##### Given data #####

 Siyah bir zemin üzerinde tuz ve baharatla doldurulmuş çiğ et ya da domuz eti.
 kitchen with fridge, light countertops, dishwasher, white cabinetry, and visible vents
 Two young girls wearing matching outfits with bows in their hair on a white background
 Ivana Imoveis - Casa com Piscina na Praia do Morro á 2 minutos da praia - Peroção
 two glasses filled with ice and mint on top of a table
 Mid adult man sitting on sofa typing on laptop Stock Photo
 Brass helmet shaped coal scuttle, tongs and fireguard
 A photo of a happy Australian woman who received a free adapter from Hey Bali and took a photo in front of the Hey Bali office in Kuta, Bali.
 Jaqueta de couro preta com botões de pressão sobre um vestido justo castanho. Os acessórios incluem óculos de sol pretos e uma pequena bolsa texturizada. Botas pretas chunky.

#####
##### Given data #####

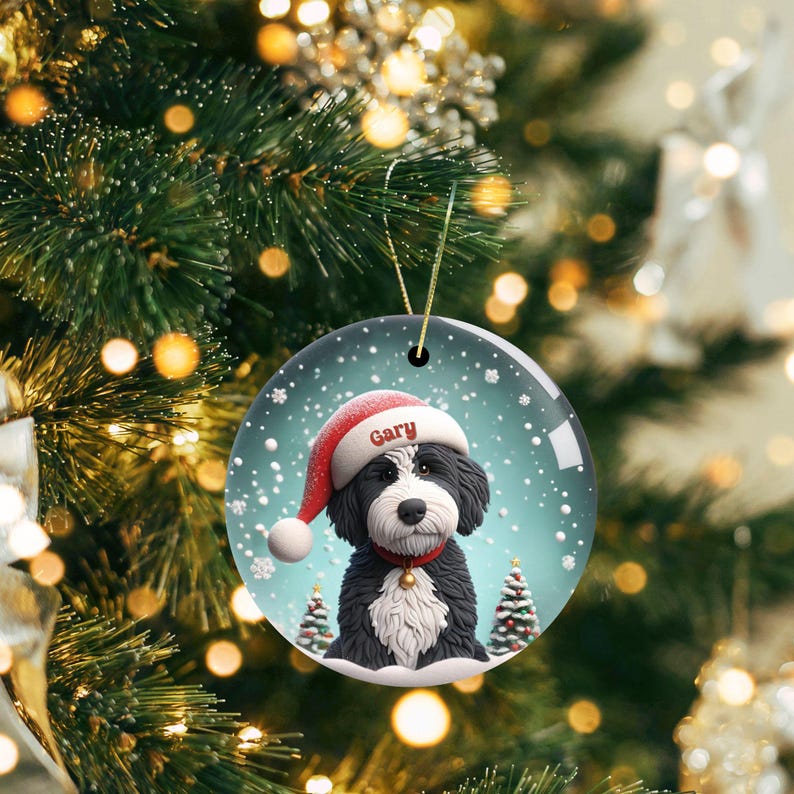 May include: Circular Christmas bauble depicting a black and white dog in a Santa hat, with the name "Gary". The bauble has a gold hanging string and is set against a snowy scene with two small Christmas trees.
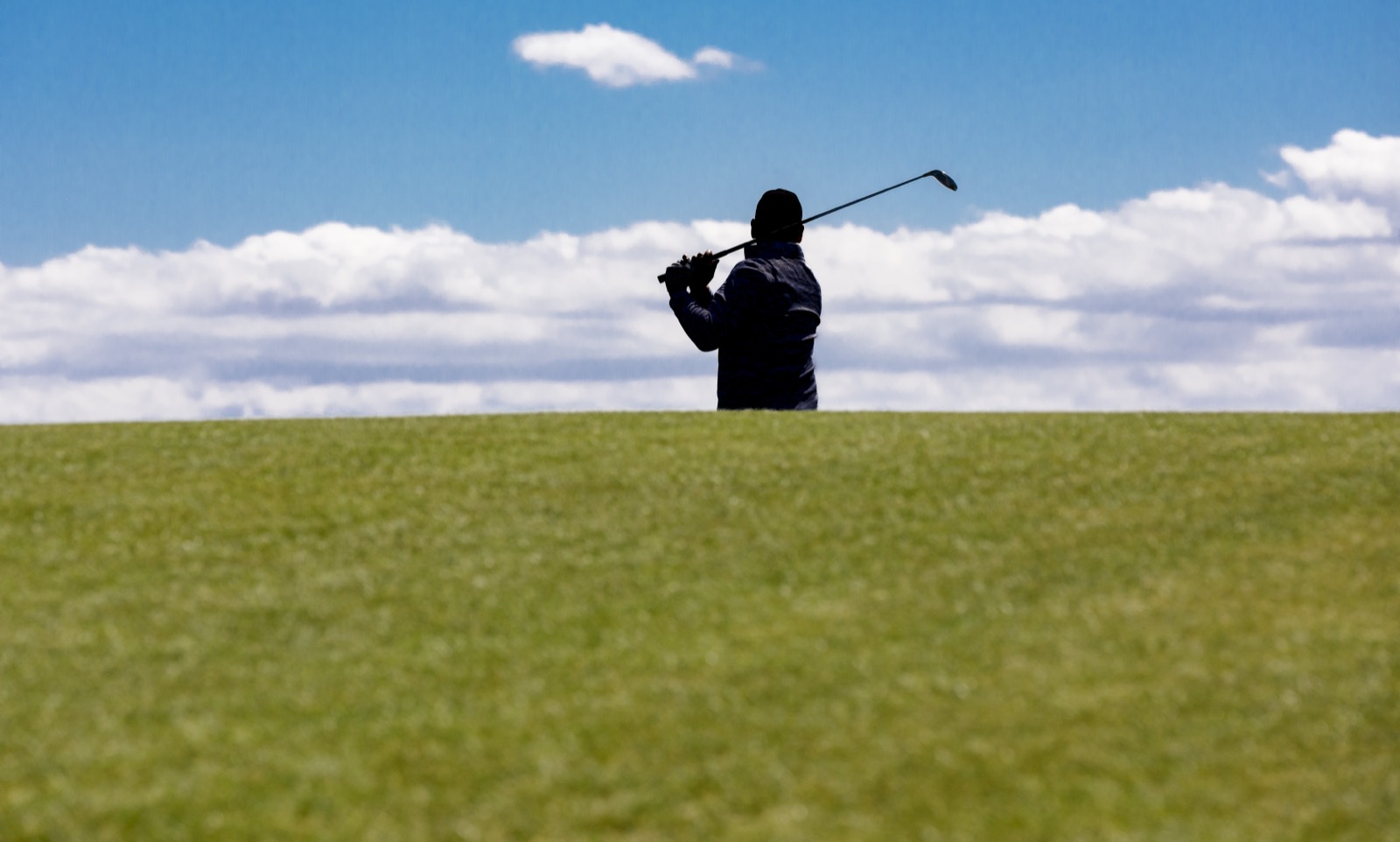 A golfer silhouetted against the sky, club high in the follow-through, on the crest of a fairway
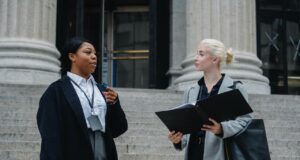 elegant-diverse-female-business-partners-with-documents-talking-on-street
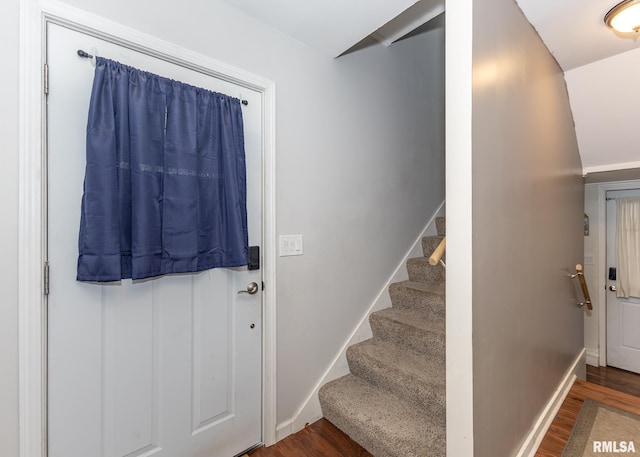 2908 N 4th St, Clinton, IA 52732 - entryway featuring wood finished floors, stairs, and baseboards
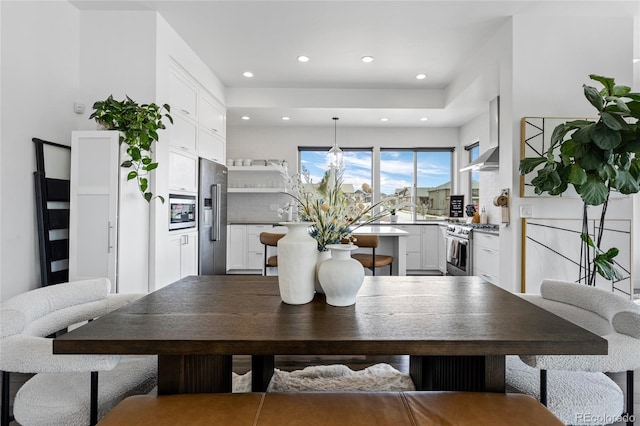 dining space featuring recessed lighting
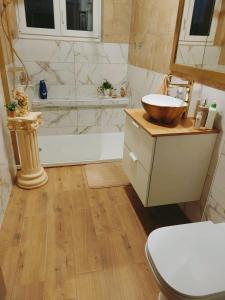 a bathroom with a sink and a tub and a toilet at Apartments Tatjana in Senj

#####

### Task prompt
Your copy should hold the lines from the one with "2908 N 4th St, Clinton, IA" up to and including the one with "a bathroom with", exactly as in the data above, and no pictures.

### Task answer
 2908 N 4th St, Clinton, IA 52732 - entryway featuring wood finished floors, stairs, and baseboards
 dining space featuring recessed lighting
 a bathroom with a sink and a tub and a toilet at Apartments Tatjana in Senj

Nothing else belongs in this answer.